My name: Dan Krovich My current festival: Atlanta Film Festival
My title: Festival Director
Other fests I've worked for: Maryland Film Festival
Three movies that best represent my personal tastes: Three was definitely too few, but I decided to limit myself to 10. (Of course, then I went to 11.) Capturing the Friedmans, Elephant, Funny Games, Harold and Maude, Hukkle, Morvern Callar, Moulin Rouge, Piranha, Primer, Schizopolis, The Unbelievable Truth.
When I'm not watching movies I like to: Who would have thought that this would be the most difficult to answer? I like sports, but I seem to do a lot more watching of them than playing - tennis, football, college basketball. I also like to read, and I seem to be more on a nonfiction kick lately.
A movie I recently programmed that I consider to be a great personal discovery: Make-Out With Violence - What I liked most about it is that I couldn't easily describe it. It didn't fall into a simple categorization so it felt very fresh. It had creativity, originality, and the energy of new filmmakers.

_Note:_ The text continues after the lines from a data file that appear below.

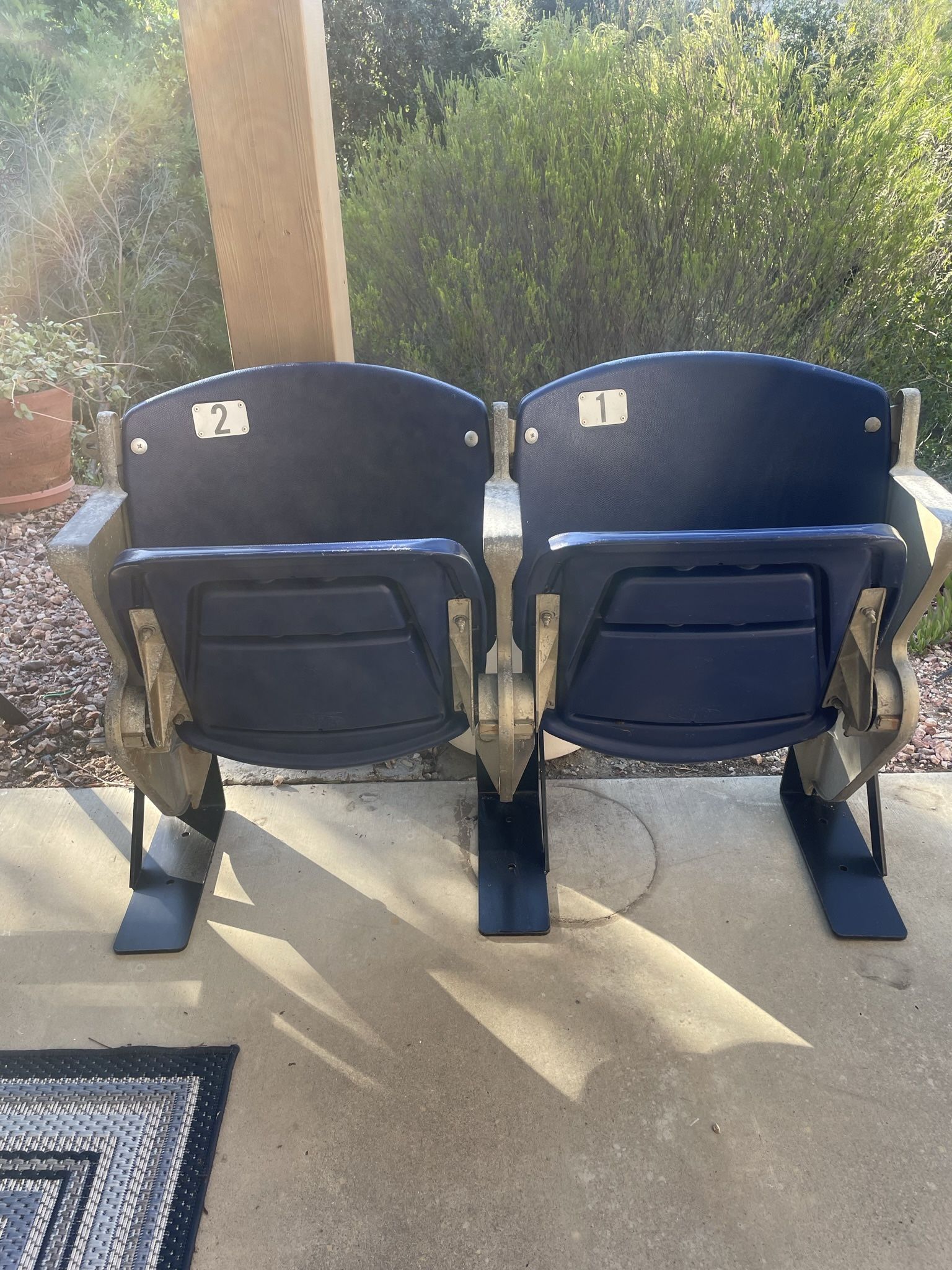 Qualcomm Stadium Seat Set With Freestand Bracket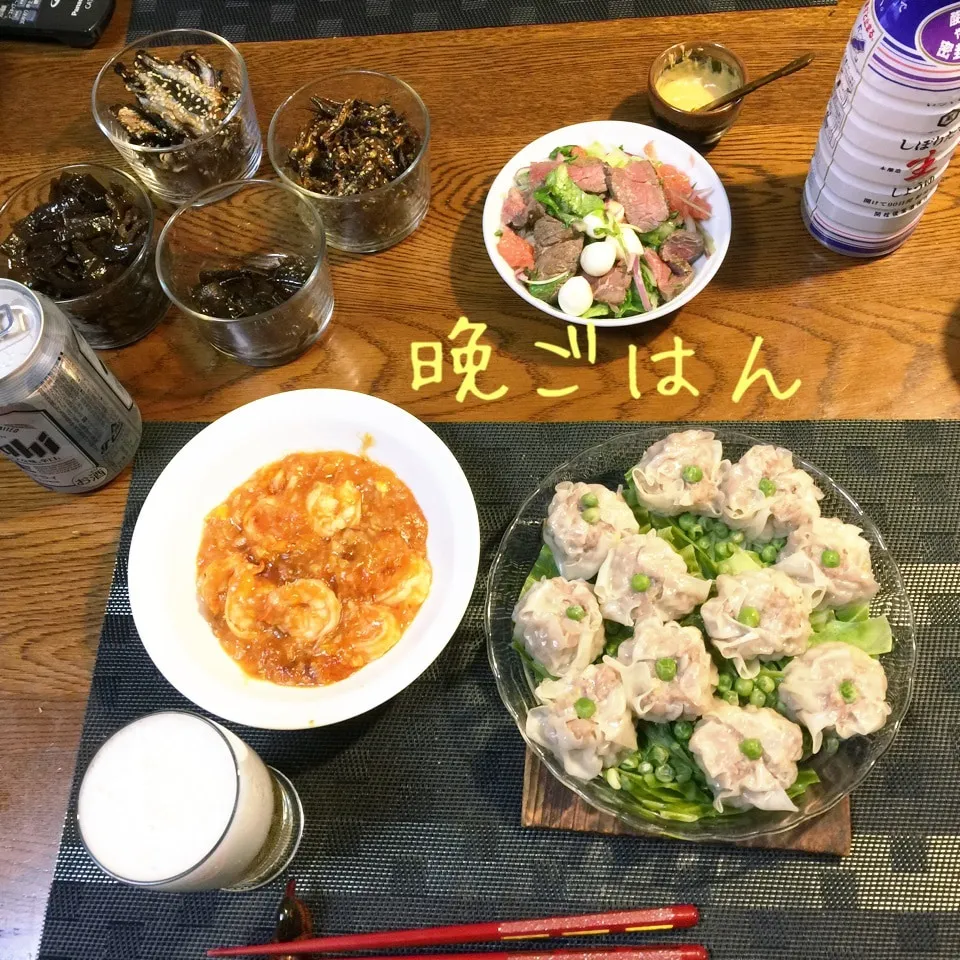 Snapdishの料理写真:シュウマイ、海老チリ、サラダ、常備菜、ビール|yakinasuさん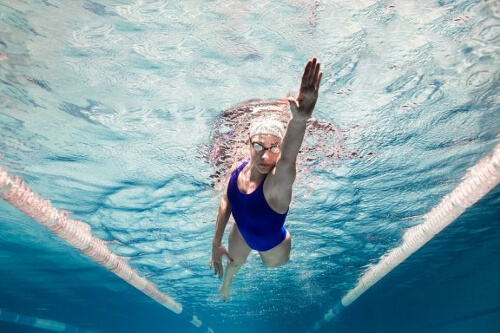 Korzyści z pływania – 5 psychologicznych zalet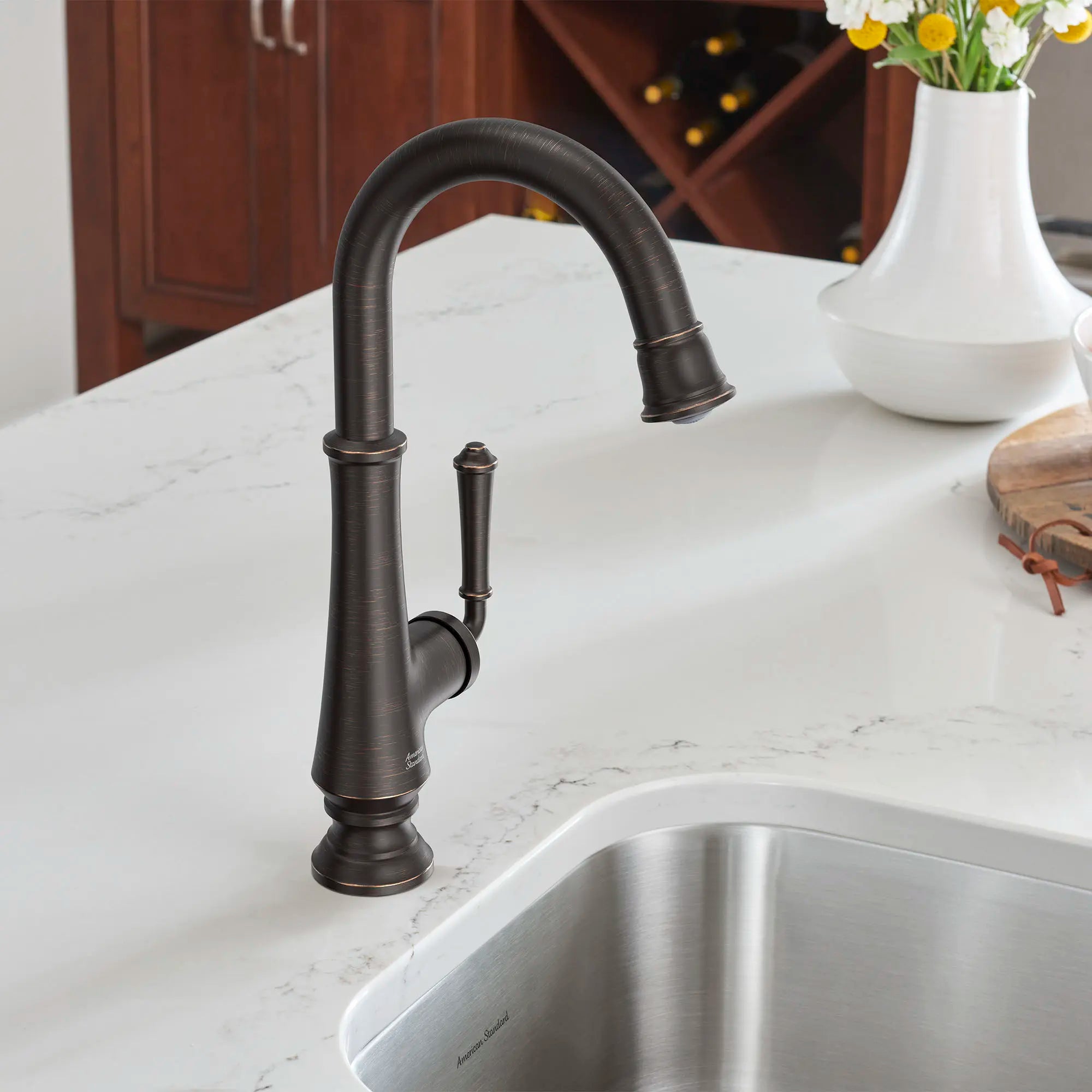 Delancey® Single Handle Pull Down Kitchen Faucet - 1.5 GPM/5.7 LPM Water Flow - Modern Stainless Steel Bar Sink Faucet for Home & Commercial Use - Perfect for Washing Dishes, Filling Pots & Cleaning Vegetables
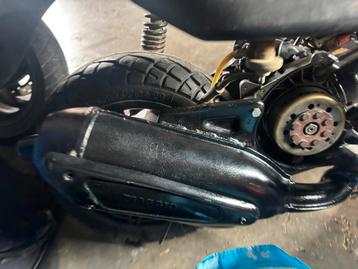 Hexagon 125cc blok compleet beschikbaar voor biedingen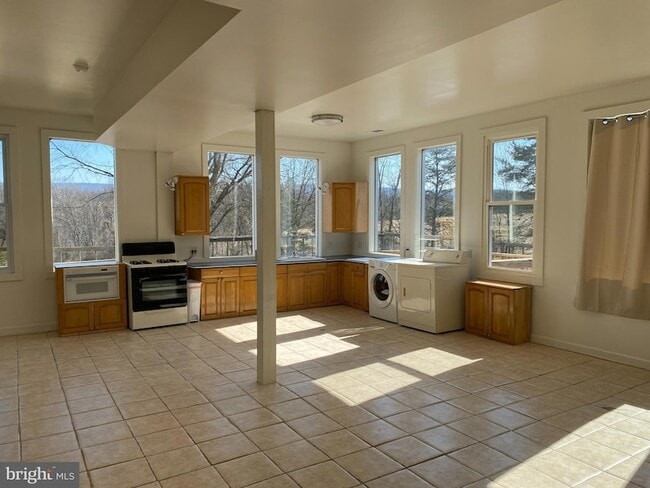 Building Photo - 856 Spriggs Rd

When filmmakers ask me "What's different about your film festival?" I say: We're a general festival in that we show all genres and types of films, and I feel like we are really democratic across the genres. For example, the competition section will often feature films that might traditionally play in a midnight section at other festivals.
Our festival audience has come to expect: What I hope they've come to expect is to be challenged. We have our share of what I would call the more "mainstream indies" from indie distributors that are doing the festival circuit. Those are great, but I really like it when I see an audience take a chance on something that perhaps doesn't come with a recognizable cast or a pedigree of showings at the major festivals.
We program the following categories of films: narrative features, documentary features, narrative shorts, documentary shorts, animated, experimental.
A recent trend I have noticed in submissions of which I disapprove: One thing I've noticed a lot that I'm not a big fan of is starting the film at the end and then jumping back in time. It can take the suspense out of the rest of the movie because I know where the movie has to end up, and if you put a character in jeopardy I know they have to get to the scene that I've already seen. I was trying to come up with a trend that would be positive, but when you watch so many entries anything that you see enough to classify as a trend can become old quickly.
The submissions period for our next festival is: Our final submission deadline is December 18, 2009
Filmmakers can contact me here: email@example.com
If I could impart one thing to filmmakers about submitting to my festival, it would be: Originality is a big key to standing out. We receive many very good submissions, and they can sometimes run together and start to seem overly familiar. A film stands out when there's something about it that feels new and fresh. It can be the story, a character, a setting, or filmmaking style. That's a difficult thing to pull off when a programmer is watching literally hundreds of films, but when you see it it's really exciting, and it can make you forget about some of the shortcomings a film might have in other areas.